To a 5-year-old it was approximately 300 feet long by 80 feet wide. It was amazing and slightly tragic. There was a cluster of white Christmas lights hovering above it to represent a cosmos, and the rest of the attic was unfinished and empty.
I decided I would just imagine building my own train set instead of finishing someone else’s. I turned to books to begin gathering information. My knowledge gathering has expanded from there.
If something interests me, I want to understand it well enough that I can hold a quality conversation about it with someone who is diehard on the topic. The problem with diehards is their keen ability to spot weekend enthusiasts, so I had to start to do things.
I’ve played with stringed instruments, glass-blowing, ancient Chinese strategy games and the innards of desktop computers. I’ve traveled. All this in the name of crafting and perfecting my train set.
I want to be a cook.
As you can likely imagine, my wife was a touch skeptical of my sudden interest in pole-vaulting us into poverty so I can learn something new … again.
Expecting this, I did my research and spun a yarn certain to sell her on gambling with our livelihood. Johnson County Community College has one of the best culinary programs in the country.
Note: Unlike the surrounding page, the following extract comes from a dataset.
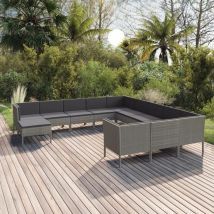 INLIFE Salon de jardin 12 pcs avec coussins Résine tressée Gris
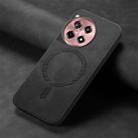 For OnePlus Ace 3 5G Solid Color Retro Magsafe PU Back Cover Phone Case(Black) - 2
I’ll be working as an apprentice, 40 hours a week guaranteed. I’ll be making tens of dollars. I already have a copy of “The Professional Chef,” which saves us several dollars!
We can finally explain my giant knife collection to the neighbors. We can rediscover coupons! Our girls are almost ready for college and the poorer we are the less they will expect from us. It will improve their self-reliance.
My beautiful wife succumbed to my nonsense, and I immediately bought a new knife.
That was some months ago and I’m already certain that I will never perfect the culinary adornments on the train set. There is too much.
JCCC’s culinary program is brim full of quality people, and bits and gizmos I only marginally comprehend. My approach has always been to research something until I am able to appreciate what mastery looks like in that field, but never expecting to master it myself.
I can’t say that I have the appropriate gusto to survive the focus I will require for this 3-year program, but my bones will graduate. I will figure out food!
My middle-aged limbs will make homework happen. I will wake up in the ludicrous deepness of 5 a.m. to manufacture product for the omelette groupies at William Jewell College, where I do apprenticeship under the clever and vehement chef Jim Tinkham.
If mastery occurs, so be it, but my determination lay in assembling understandings. I will pepper restaurant knowledge throughout my brainscape with monstrous abandon until I can impress laypeople with the craftsmanship.
I will be a cook, or I will understand what cooks do and tell everyone about it.
Through the kindness and trust of The Star’s food editor Jill Silva, I get to tell you about it. So if you could, please excuse me my ignorance and my arrogance. I’m new here. I haven’t had those things beaten out of me yet.